The Logging Tab
The Logging tab holds many options for controlling what events are logged and how they are logged.
The Log blocked packets checkbox controls whether packets that are blocked by Guarddog are logged in the system log. A packet that is not part of a permitted protocol is by blocked by default. When this checkbox is ticked, blocked packets are logged.
The Log rejected packets checkbox controls whether packets that are rejected by Guarddog are logged in the system log. Protocols are marked to be rejected on the Protocol tab by putting a cross in their checkbox. When this checkbox is ticked, any rejected packets are logged.
The Log aborted TCP connections (half open scans) check box controls whether TCP connections that are forcefully terminated using a RST packet are logged. A port scanning technique know as "half-open" scanning uses RST packets to quickly abort an half open TCP connection in order to avoid detection. This can be done using nmap's -sS option. By turning this option on you can detect and log when this happens. Unfortunately many web servers like to quickly terminate connections by using a RST packet. This can produce quite a lot of unwanted noise in your system logs. Therefore you may want to turn this option off. Also, this option only has effect when the firewall is used on a Linux kernel 2.4 machine in combination with iptables.

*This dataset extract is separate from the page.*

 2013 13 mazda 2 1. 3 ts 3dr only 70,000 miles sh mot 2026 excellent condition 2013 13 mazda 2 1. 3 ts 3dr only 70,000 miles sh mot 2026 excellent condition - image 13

Packet logs are received by the syslog. Consult the syslog manual page for more information.
This group of options allows you to specify how Guarddog should limit the rate at which messages are placed in the system log. Rate Limited logging is intended to stop someone from performing a Denial of Service attack against your machine by flooding it with packets and trying to fill your system log files and disk space.
The Rate limit logging checkbox controls whether packet logging should be rate limited or not. It is recommended that this be left on.
The Rate widget allows you to specify the maximum average rate that packet log entries may be added to the system log. The rate may be specified in terms of the number of entries per second, minute, hour or day.
The Rate widget allows you to specify the average maximum logging rate. Packets to be logged often come in bursts of many packets in very quick succession. The Burst widget allows you to specify how many packets in a burst may be logged. Once the burst limit has been reached, the average logging rate is enforced.
For more information on exactly how this works, consult the iptables documentation and the Linux kernel source /net/ipv4/netfilter/ipt_limit.c file.
The Warn when limiting check box controls whether Guarddog should put warning messages in the system log when it has been forced to apply rate limiting to the packet log messages. When rate limiting is applied to packet log messages, only a limited number of messages appear in the log, while the rest are omitted. When you come to view the system log, it useful to know if packet log messages have been omitted due to rate limiting.
The Warning rate widget allows you to specify how often warning messages should be placed in the system log when rate limiting is being used.
The warning messages in the system log have the word LIMITED at the start of the line.
The Log IP Options checkbox controls whether the options field in the IP header of a packet should be included in a packet log message.
The Log TCP Options checkbox controls whether the options field in the TCP header of a packet should be included in a packet log message.
The Log TCP sequence numbers checkbox controls whether the TCP sequence number for a packet should be included in a packet log message.